2. Which employees are eligible for the FMLA?
Unfortunately, FMLA is not available to everyone. Employees must first work for an FMLA-covered company. Private companies, government bodies, and schools are among them, according to WHD.
Furthermore, employees must then prove that they are eligible. An employee must have worked for their firm for 12 months, accumulated over the span of 7 years. In addition to this, employees must also have worked 1,250 hours during the previous 12 month prior to the period they need to take leave.
3. What are the job benefits and protection that are under the FMLA?
There are several benefits the FMLA offers to the employees covered under it. Here are some of the benefits that it offers:
- The employer must retain the employee's health coverage under any "group health plan" for the duration of FMLA leave.
- Most employees must be reinstated to their former or equivalent positions upon returning from FMLA leave, with comparable salary, benefits, and other employment terms.
- Any employment benefit accrued prior to the start of an employee's FMLA absence cannot be lost if the employee takes FMLA leave.
4. Managers should coordinate with HR in a timely manner
When managers become aware that an employee is asking time off for a medical problem, they should be instructed to tell HR. They should also be aware that employees with serious illnesses may be eligible for FMLA leave. In turn, it is up to the HR to process these leaves either manually or using automation tools and other helpful technology to reduce strain in the HR department.

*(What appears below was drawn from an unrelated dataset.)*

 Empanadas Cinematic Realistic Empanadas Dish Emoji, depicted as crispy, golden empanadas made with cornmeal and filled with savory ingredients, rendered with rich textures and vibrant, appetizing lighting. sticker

When the leave is "foreseeable," the employee must usually give 30 days' notice. An employer can require medical certification to support a request for leave due to a serious health condition, as well as second or third opinions (at the employer's expense) and a fitness for duty report before the employee returns to work.
Keep in mind that FMLA leave can be intermittent. FMLA leave isn't always for a long period of time; a few absences can still be covered. Managers must be able to distinguish between intermittent FMLA leave and ordinary sick days.
5. Do employees need a medical certificate?
According to the FMLA, an employer can require an employee to provide a timely, comprehensive, and appropriate medical certification to support a request for FMLA leave due to a significant health condition. Employees must return completed medical certificates to HR within 15 calendar days of receiving the form, or as soon as is reasonable under the circumstances.
While HR should handle medical certifications, managers should be informed of the process, including the likelihood that the employer would seek second and third opinions. This is to ensure a comprehensive flow of communication between HR and the middle managers.